Work task: Beginning at the line that contains "Grafico cittadinanza stranieri", repeat each line exactly through the last one of the records below, and leave out the pictures.

(Image-caption web data)
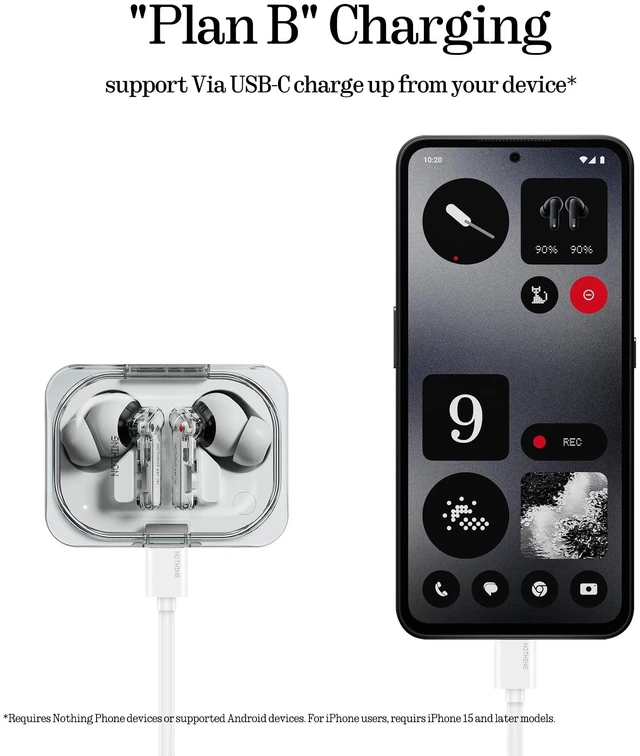 Alt view image 4 of 5 - Nothing Ear (a) Wireless Earbuds, 45dB Hybrid Noise Cancelling Earbuds, Hi-Res Audio, Advanced Equaliser, Dual Connect, 6 Mics, 42.5H Playtime Ear Buds Wireless Bluetooth, White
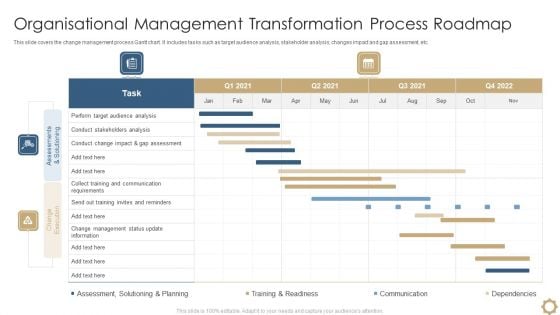 Organisational Management Transformation Process Roadmap Mockup PDF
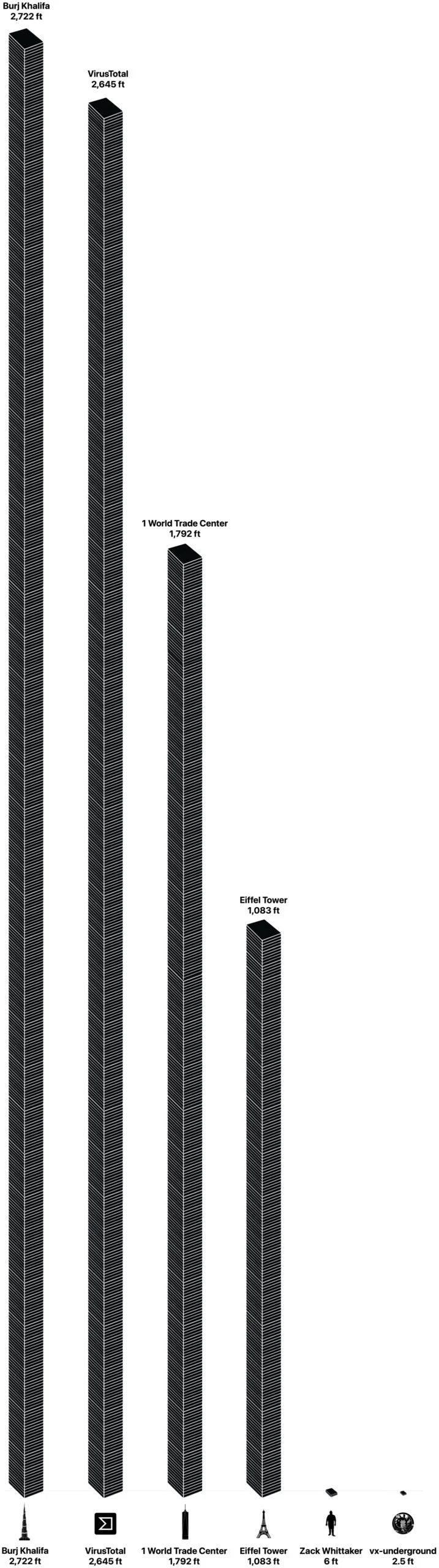 The Weight of Digital Malice: Visualizing the Global Archive of Malware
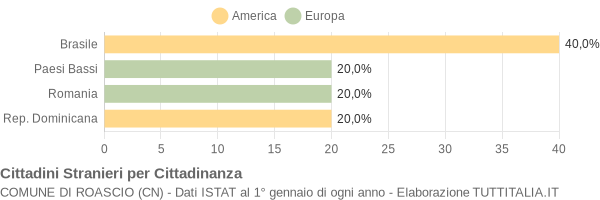 Grafico cittadinanza stranieri - Roascio 2017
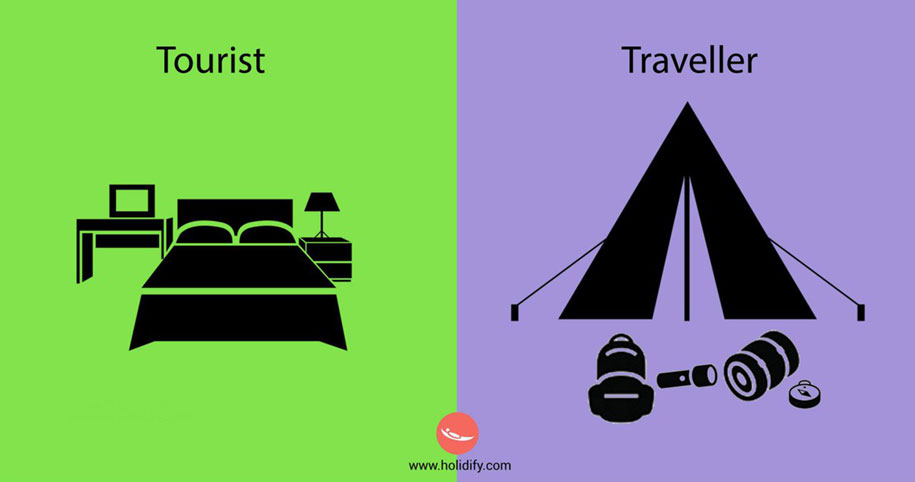 illustration-differences-traveler-tourist-holidify-1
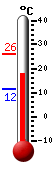 Currently: 17.9, Max: 26.2, Min: 11.5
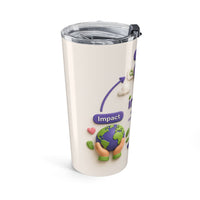 Planets Loyalty Insulated Travel Tumbler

Output below:
 Grafico cittadinanza stranieri - Roascio 2017
 illustration-differences-traveler-tourist-holidify-1
 Currently: 17.9, Max: 26.2, Min: 11.5
 Planets Loyalty Insulated Travel Tumbler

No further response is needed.